Now, here we are in 2020, and Sun, Yong and a phalanx of health reporters in newsrooms across the globe are covering the still-unfolding coronavirus pandemic. Even entertainment and sports reporters, whose coverage areas have all but disappeared, are on the story.
“The pandemic truly is one of the biggest stories — if not the biggest story — of our time, and I think it demands our full attention right now,” Yong said. “Science, health and technology reporters are at the core of that. We are here to do our own stories and support our colleagues with expertise or knowledge when needed.”
Coronavirus “became the all-consuming thing,” Lee said. “It’s weird to be in competition with like every news reporter in the world. It’s also really amazing to see what work they’re generating.”
Richard Bilton, a BBC journalist who works on the investigative documentary series Panorama, said he and his team have shifted their focus solely to the coronavirus.
“Any other investigation right now doesn’t matter,” Bilton said.
Max Filby, health reporter for the Gannett-owned newspaper The Columbus Dispatch, said he spent his first two weeks covering coronavirus from the Ohio Statehouse, where he began seeing officials’ changing views on the seriousness of the problem.
“The first press conference was in a really cramped room with 30 to 40 people. I couldn’t easily socially distance in that room,” Filby said. “Over time we moved to a bigger room. Then we were in multiple rooms and the governor’s in a different room and we have to ask him questions by camera.”
When he’s not covering press conferences, he works from home. “My phone is basically the front line,” he continued.
Indeed, the bulk of reporting throughout the industry takes place from journalists’ homes. Health reporter Emily Woodruff of The Advocate in New Orleans said it has been difficult not being able to talk in person about sensitive topics.
“I’m talking to someone who had to FaceTime their parent and that was the last time they talked with them,” Woodruff said. “Normally, I would try to go to that person’s house and meet with them, and now it’s just a phone call.”

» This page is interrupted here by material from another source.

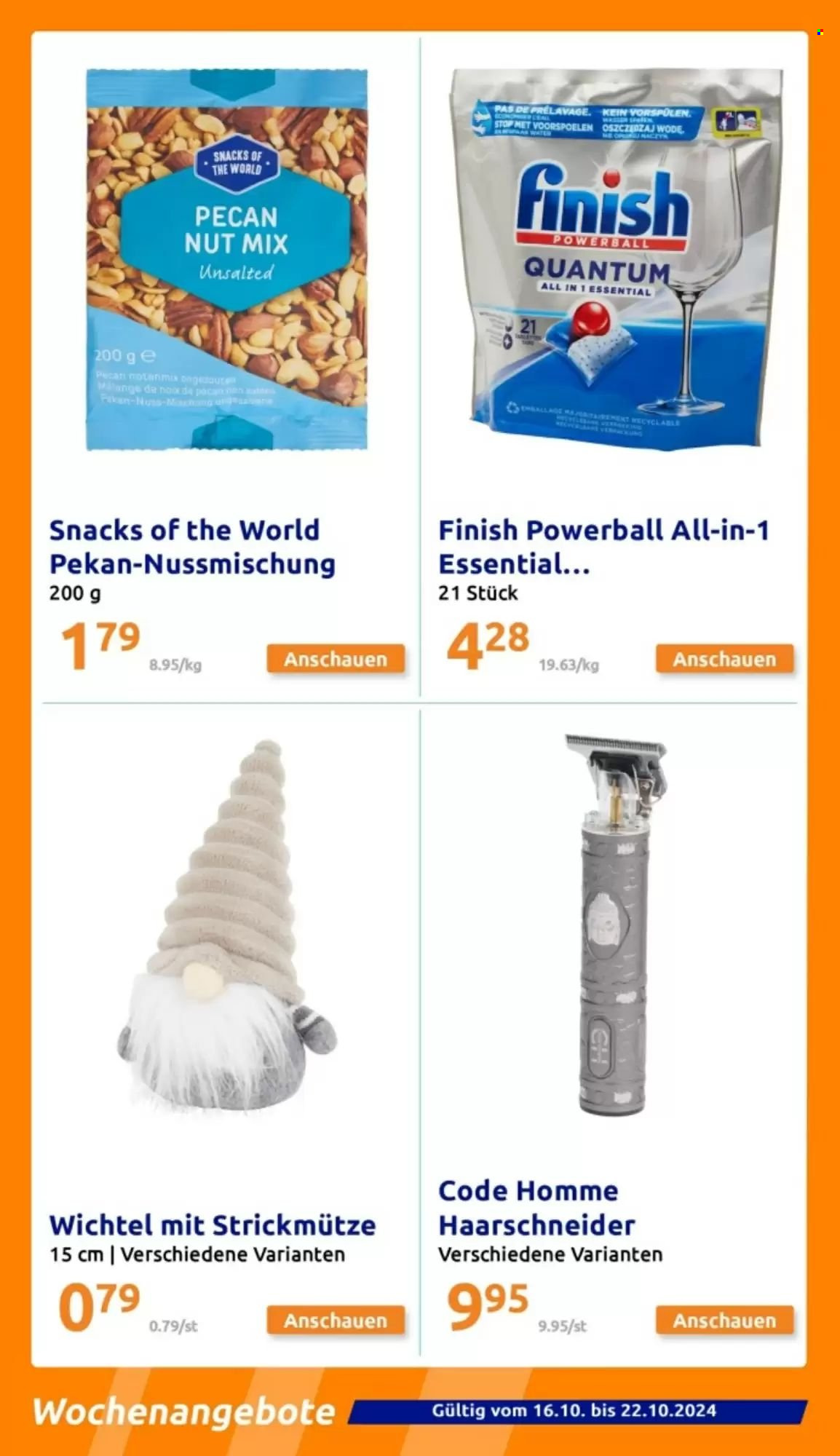 Angebote Action - 16.10.2024 - 22.10.2024. Seite 19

“You can’t communicate, as easily, empathy just because your face is covered,” Shuster said. “There’s this extra tension in the room.”

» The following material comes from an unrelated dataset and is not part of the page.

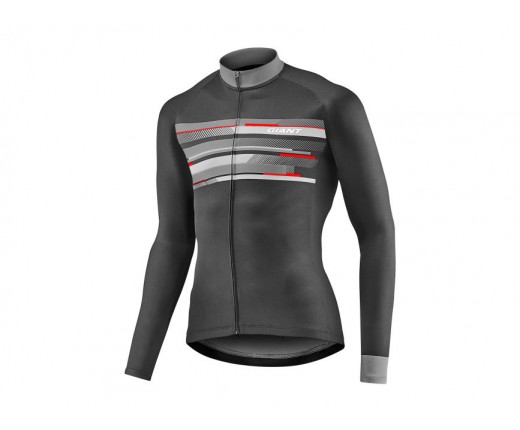 Maglia Giant Rival manica lunga Blk-gray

Los Angeles Times health reporter Soumya Karlamangla said she has noticed that sources are eager to talk to her about the pandemic, which is a welcome change from when she previously reported on mass shootings and wildfires, when people seemed to have a harder time opening up.
“Literally everyone wants to talk to us all the time because they want to prevent something bad from happening,” Karlamangla said. “I’m writing about the fact that the nurses don’t have enough masks. That’s definitely helping people and a unique position as a journalist that I’ve never been in before.”
“So much bigger than a health care story”
“I look back on the end of February thinking, ‘Oh my god I wasn’t screaming loud enough, I wasn’t yelling loud enough,'” Saker said. “This was the tidal wave, avalanche, earthquake in our society, and it’s happening on this beat.”
Other health reporters have been steadily covering the developments of coronavirus since reports emerged in early January. Sun, a Pulitzer Prize-winning reporter who is based in DC and was once the paper’s Beijing bureau chief, said the Post’s bureau there initially took the lead. But as the number of cases swelled, she turned her full attention to the story.
“As the virus spread around the world, more people were getting involved,” Sun said. “We focused on being more thematic, what are we learning about the fatality, infectiousness, preparedness.”
“There are a lot of stories that are competitive and just so many things we could be covering,” Kliff said. “There’s been a lot of value in teaming up with other reporters just to turn stories around.”
Drew Armstrong, US health team leader at Bloomberg News, said every week his newsroom’s leadership is reevaluating how they are organized.
“We tear up the playbook,” Armstrong said. “We have to be flexible so we stay ahead of this, because it’s so much bigger than a health care story at this point.”